Mayor Ted Wheeler plans to issue an emergency declaration to summon extra help to curb gun violence as summer gets underway.

He’s also assembled a team of people who will work out of the city’s new Community Safety Division to try to better coordinate community-based outreach with police enforcement efforts for an initiative called Safer Summer PDX.

“Here we are in mid-June, and we know that historically in the City of Portland, as well as in other cities around the country, gun violence escalates during the summer,” Wheeler said in a statement. “We don’t want to be caught off guard here in the City of Portland.”

So far this year, 43 people have died in homicides in Portland, most resulting from shootings, slightly below the 51 at this time last year, when the city had a record of 92 killings.

There have been 657 shootings in Portland so far this year, with 193 injuries and 3,149 casings recovered, according to Police Bureau data.

The new three-member ceasefire team includes Shareef Khatib, who has been hired as a program director to manage a gun violence reduction program under the mayor’s emergency declaration, according to his LinkedIn page.

Khatib, according to the mayor’s office, was born in England and has managed counter-violence projects in war-torn countries of Afghanistan, Iraq, Malaysia, Mozambique, Nigeria and the Sudan.

Khatib will work with two other city employees, Julian Massenburg, a Portland native who most recently has worked to help form the Community Safety Division and previously was on the communication team in the city’s Office of Management and Finance, and Kandel Ashley, a Portland native who has worked in the mayor’s office as a constituent service director since last year after spending five years working with youths and young adults at risk of becoming involved in gang or gun violence for the Native American Youth and Family Center.

“Their goal is to work as our ceasefire team to help develop concrete, immediate strategies here in the city of Portland to start reducing the gun violence that we’re seeing on our street,” Wheeler said.

Under the umbrella of the Community Safety Division, led by former Fire Chief Mike Myers, the ceasefire team will coordinate efforts by the city’s Office of Violence Prevention, which oversees youth and family outreach workers, with the Police Bureau’s response to shootings and investigation of gun crimes.

“I’m glad that the voices of the community are being heard,” said Sam Sachs, who founded a nonprofit called the No Hate Zone that works to promote racial justice.
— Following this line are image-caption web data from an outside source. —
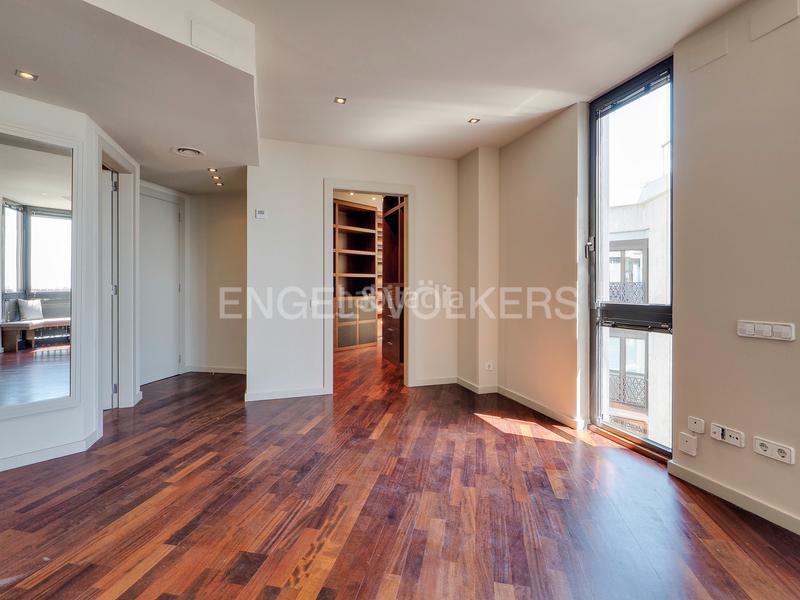 Foto 1f0b2b9d-45a5-41ad-9a44-9944cef41ebf. Lloguer apartament amb calefacció aparcament a Pedralbes Barcelona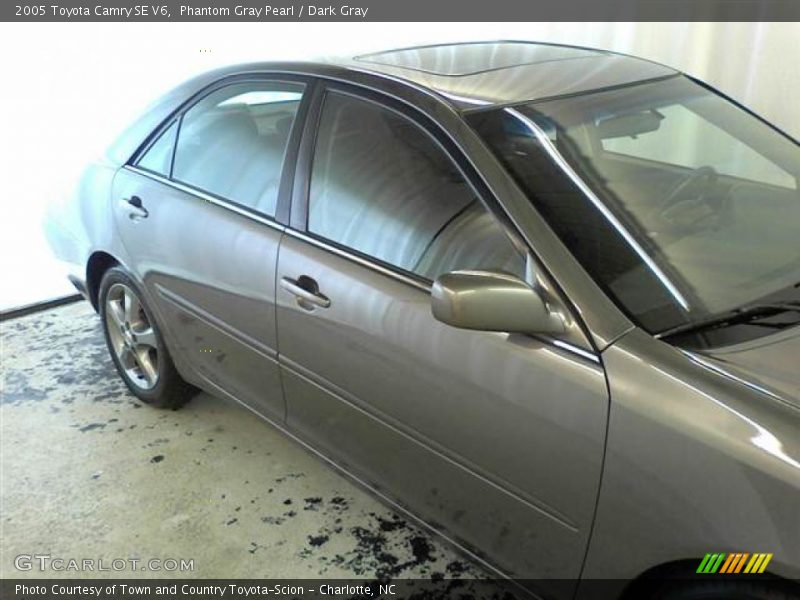 Phantom Gray Pearl / Dark Gray 2005 Toyota Camry SE V6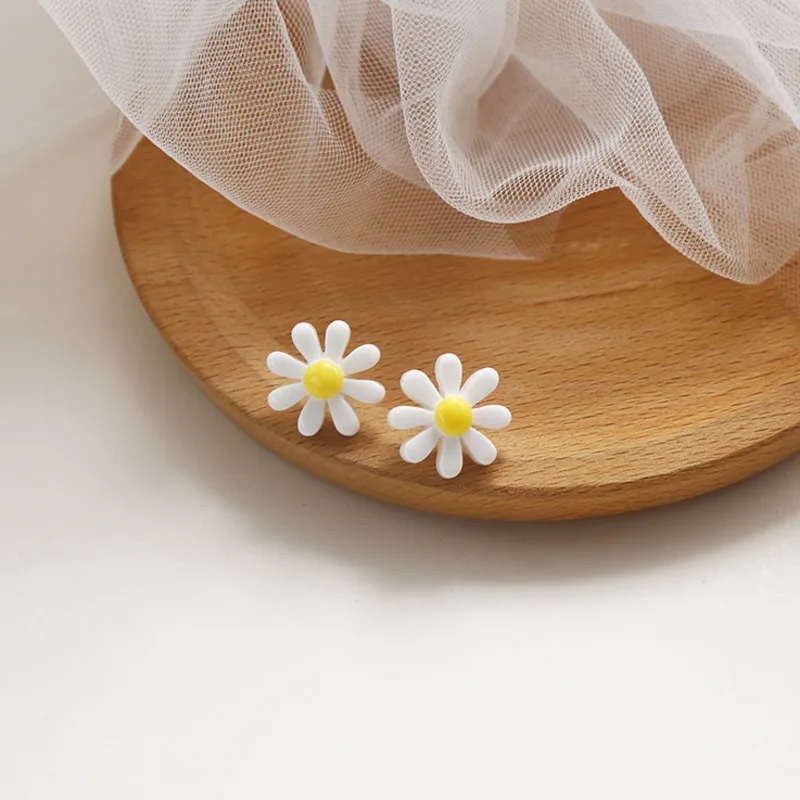

Summer Small Daisy Flower Earrings Acrylic Sun Flower Earrings Wholesale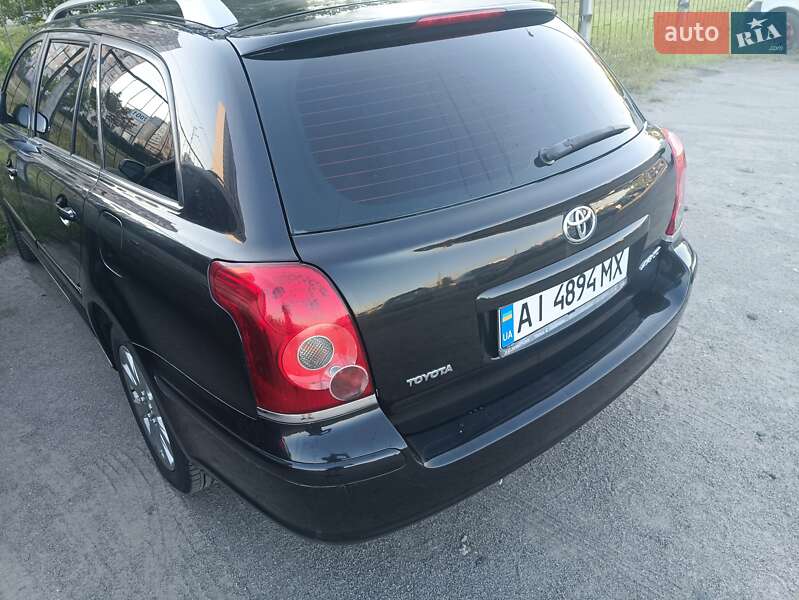 Універсал Toyota Avensis 2008 в Києві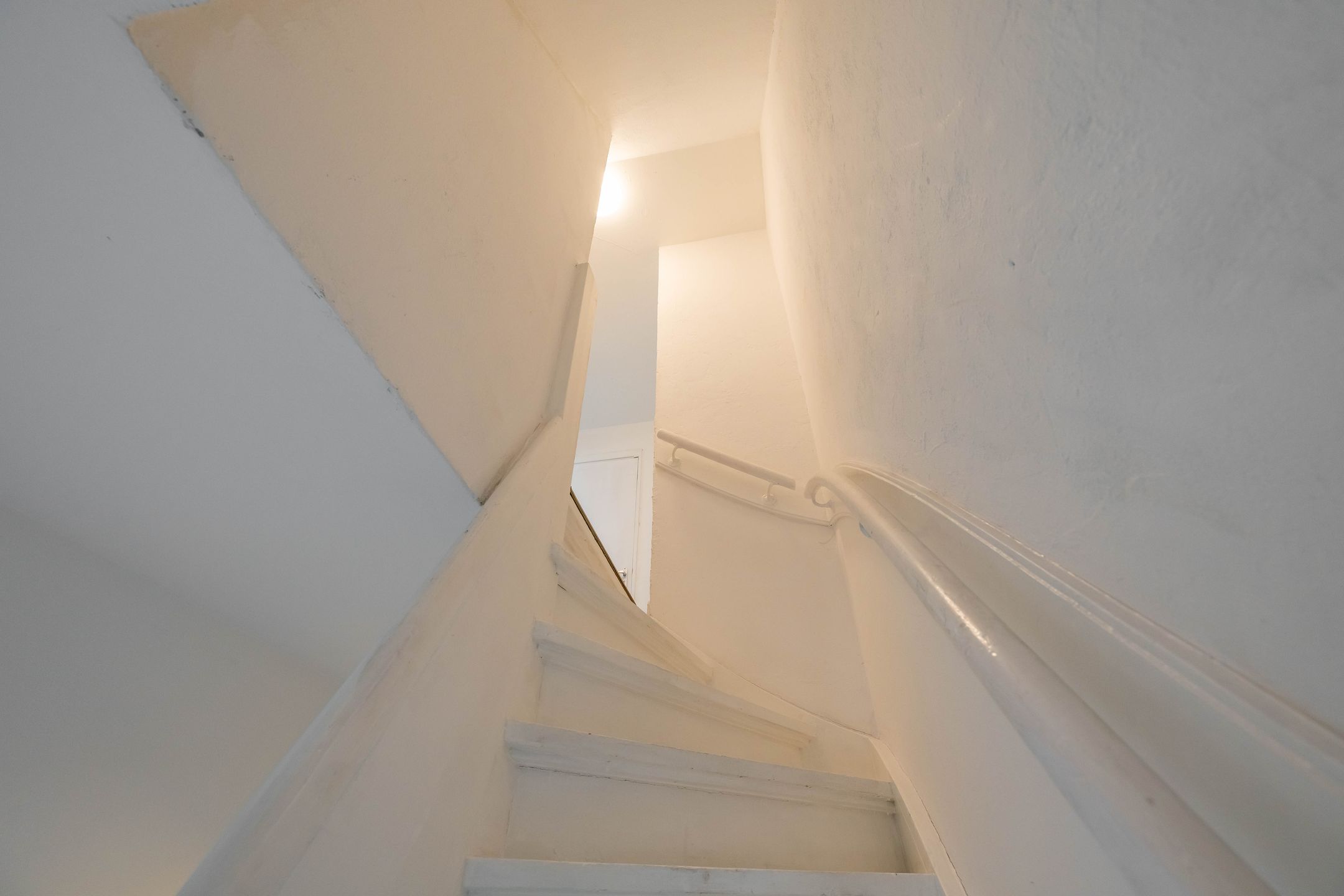 Photo 15 of Warmoesstraat 25-A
In early March, he stood with other community leaders in Dawson Park to call for such an emergency declaration. “I’m grateful gun violence is becoming a priority and that the mayor is listening to more community members to hopefully achieve different outcomes.”
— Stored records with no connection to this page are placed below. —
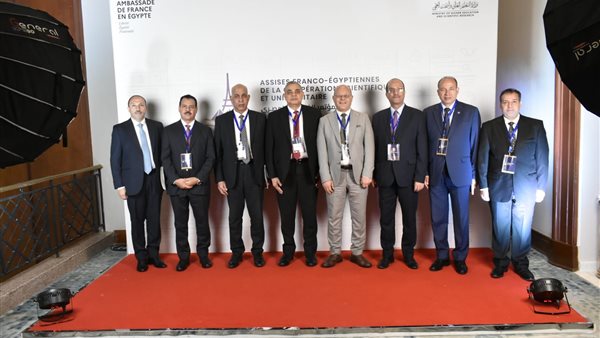 أحمد عكاوي رئيس جامعة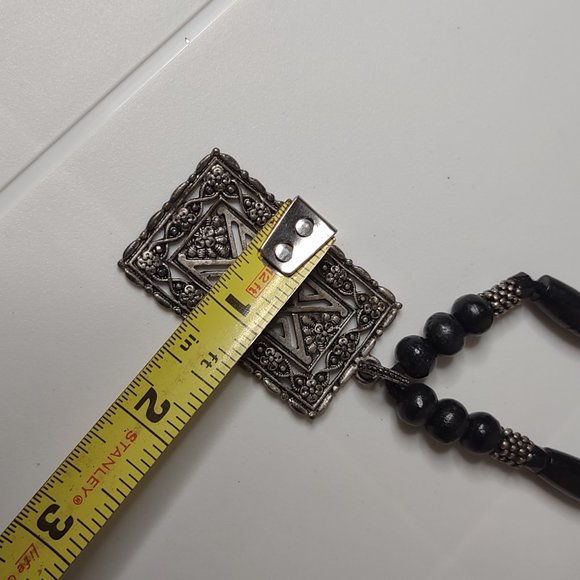 Rectangular Silver Tone Pendant Necklace With Black Beads 25 Inches Long - Picture 9 of 10
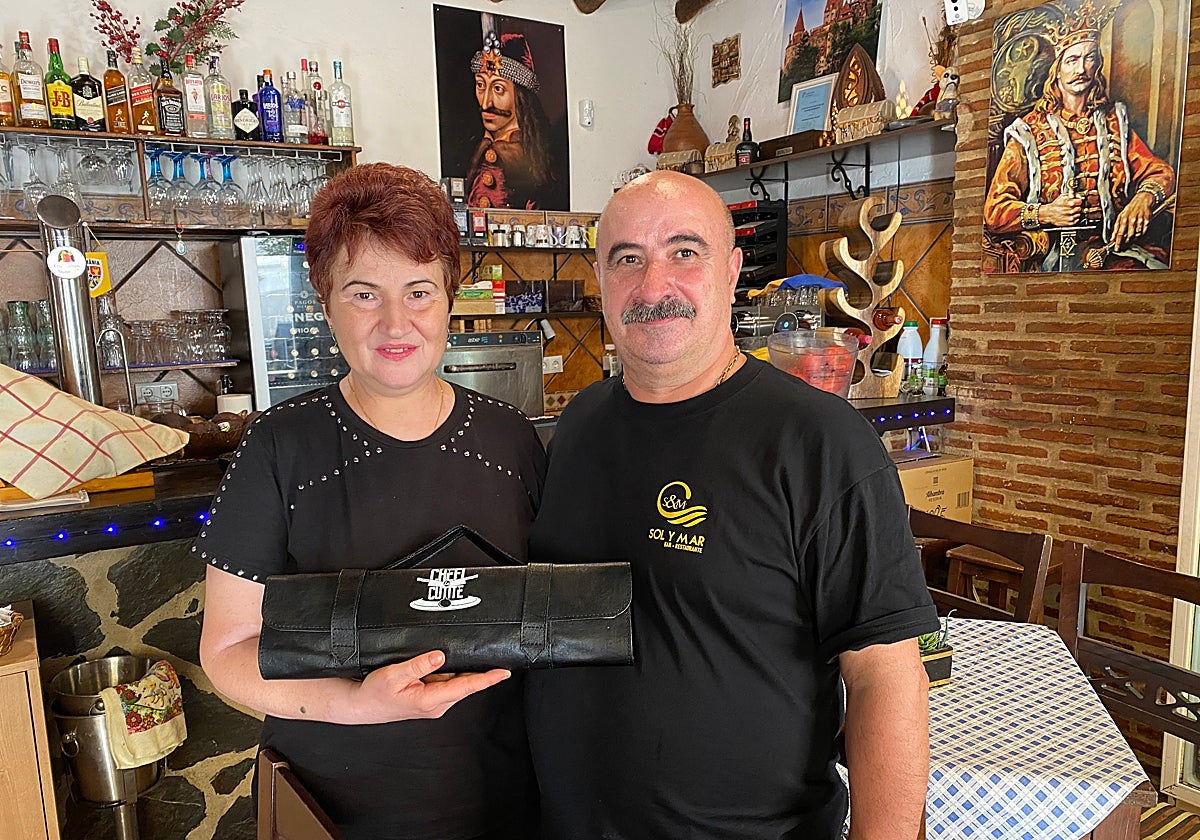 Adriana Fulger, acompañada por Nico, su marido y, en sus manos, el cuchillo del concurso Chefi la cutite.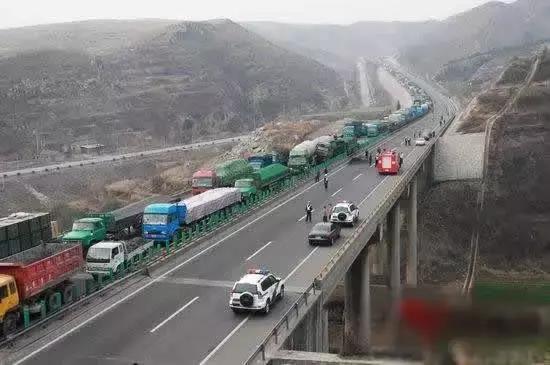 博莱高速实时路况播报，暖心时刻在路上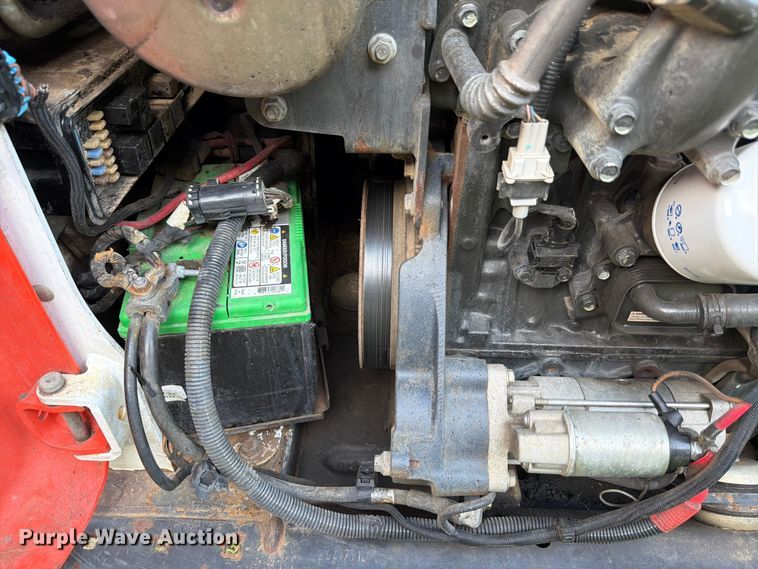 image for item FB8239 2019 Bobcat T450 tracked skid steer loader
Kieran L. Ramsey, special agent in charge of Oregon’s FBI, said the number of shootings and “rounds that are flying are still extremely problematic.”
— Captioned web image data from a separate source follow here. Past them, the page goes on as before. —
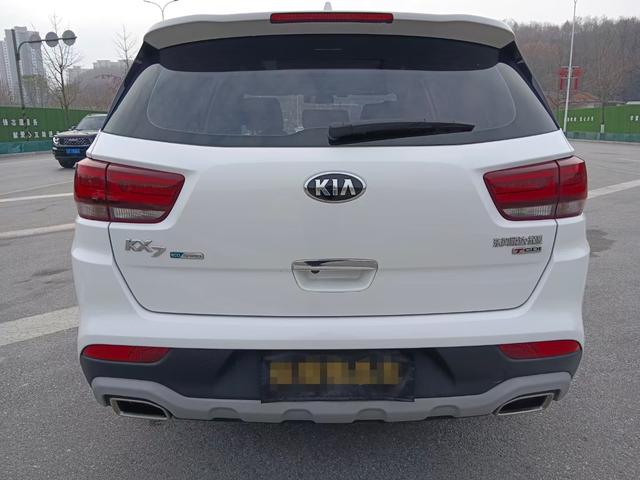 Kia KX7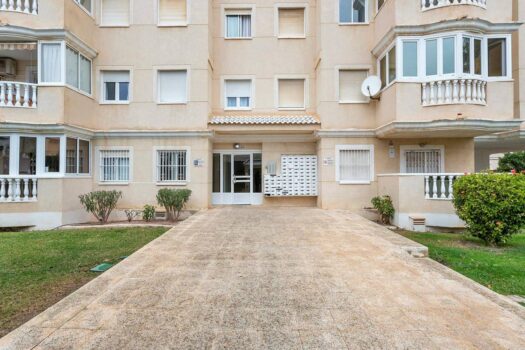 Opportunity for 3 bedrooms with pool and green areas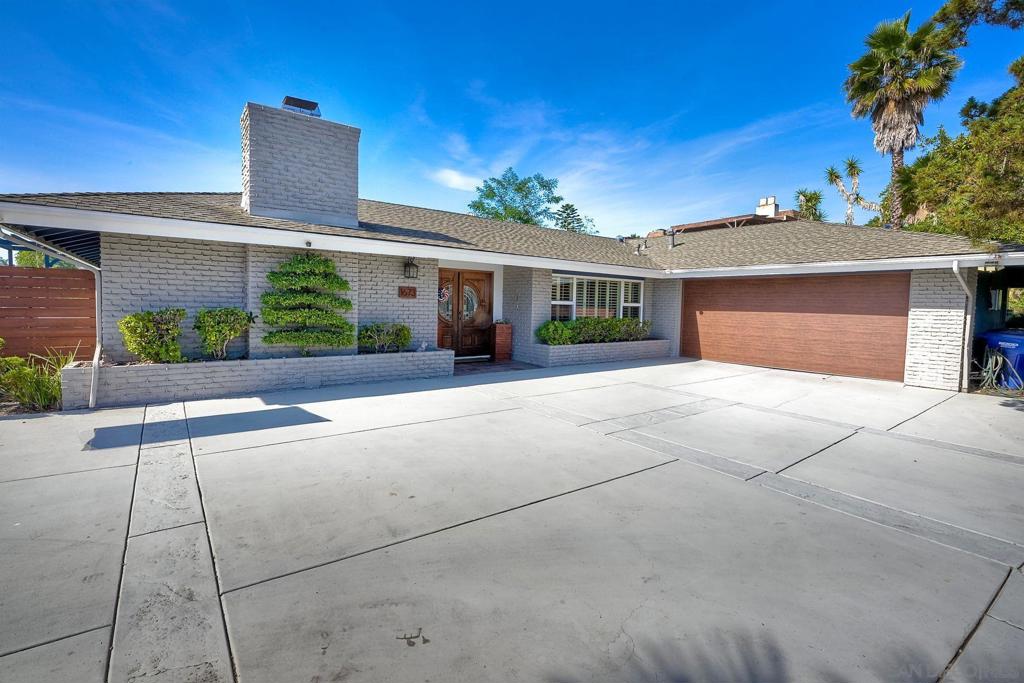 1673 Hillsmont Dr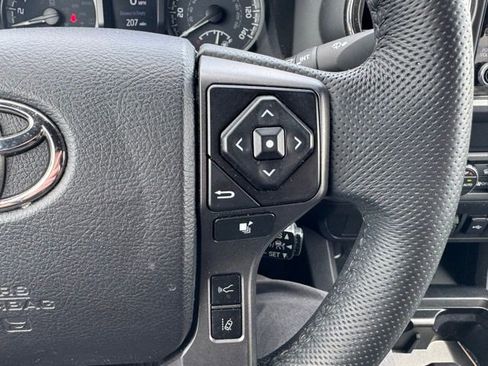 Used 2021 Toyota Tacoma TRD Sport image 17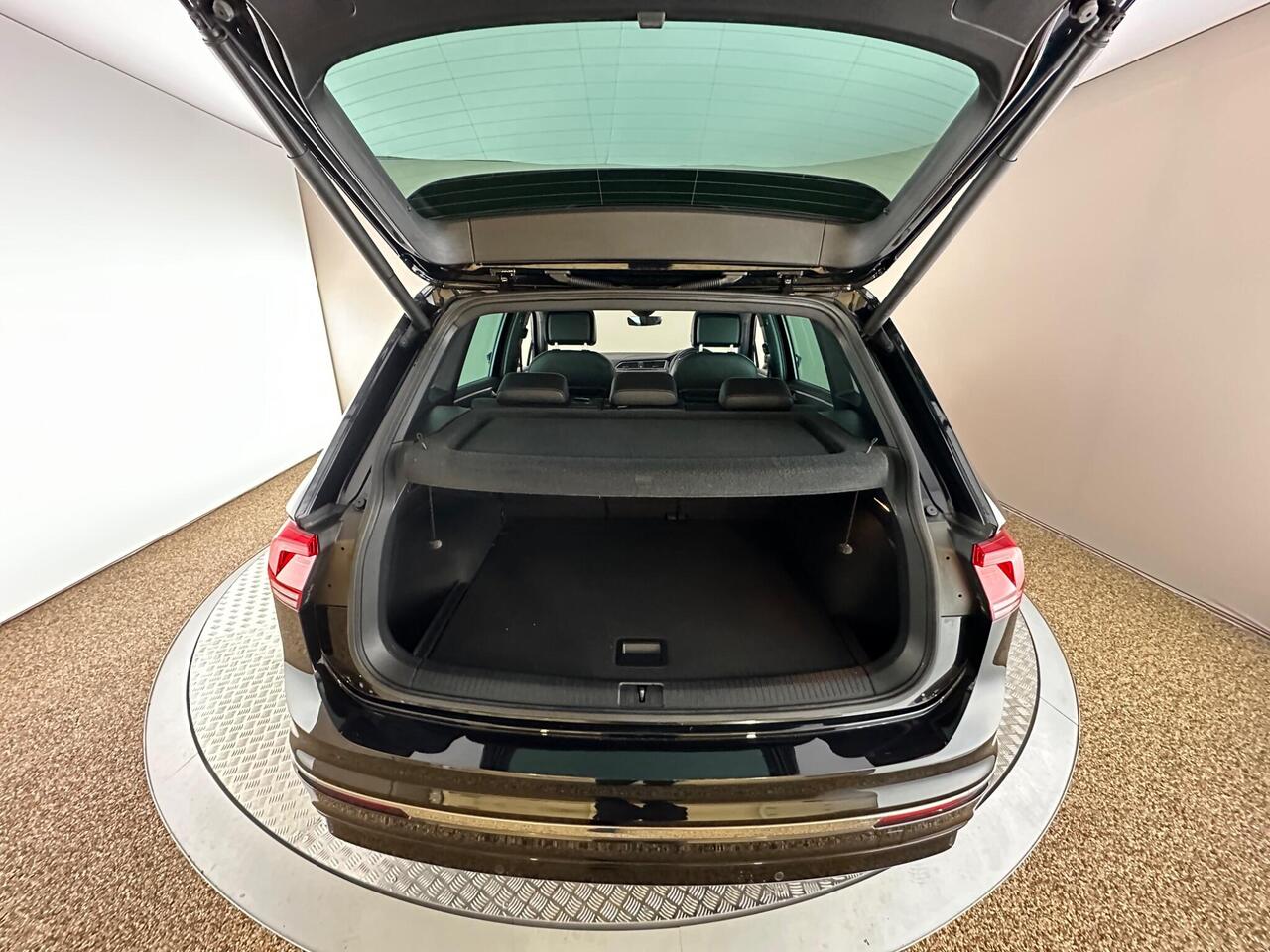 Volkswagen Tiguan DE70MRU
“I am very heartened to see though, that the alarm bell is now fully ringing,” Ramsey said. “I think finally everybody’s in the same boat rowing in the same direction. Maybe we’re not rowing at the same cadence, but everybody’s in the same boat rowing in the same direction now, and that was not always the case, last summer even.”

He said he welcomes new solutions to an ongoing problem.

The police Focused Intervention Team, a team of 12 officers and two sergeants, seized 32 guns and responded to 255 shootings this year through last Thursday.

Four of the team’s officers were involved in a shooting May 6 in Northeast Portland but have been cleared to return to work after a grand jury found no criminal wrongdoing by them. One officer is back and the rest are expected to return in the next two weeks.

They seriously wounded 36-year-old Matthew Ronald Leahey after a traffic stop ended with an exchange of gunfire between Leahey and the four team members.

Police had stopped a silver Lexus on a suspected traffic violation that Friday night in the Roseway neighborhood as it headed west along Northeast Mason Street between 78th and 79th avenues, according to police and witness accounts. Police haven’t said what led to the traffic stop.

At some point during the stop, Leahey is accused of firing at a Forcused Intervention Team officer, and the officer and three other officers from the team fired back, according to police and area residents. More than a dozen shots were fired in the residential neighborhood, neighbors reported.

Leahey was indicted June 7 on seven charges, including two counts of attempted aggravated murder with a firearm, accused of attempting to shoot Officers Adi Ramic and Michelle Petty with a .380-caliber handgun, according to court records. He’s also charged with the attempted first-degree assault and second-degree assault of Ramic, two counts of unlawful use of a weapon and being a felon in possession of a gun.

Earlier this year, the mayor used his emergency powers to bolster the city’s response to homeless street camping. Portland’s charter gives the mayor sole power to control all city agencies during a declared state of emergency.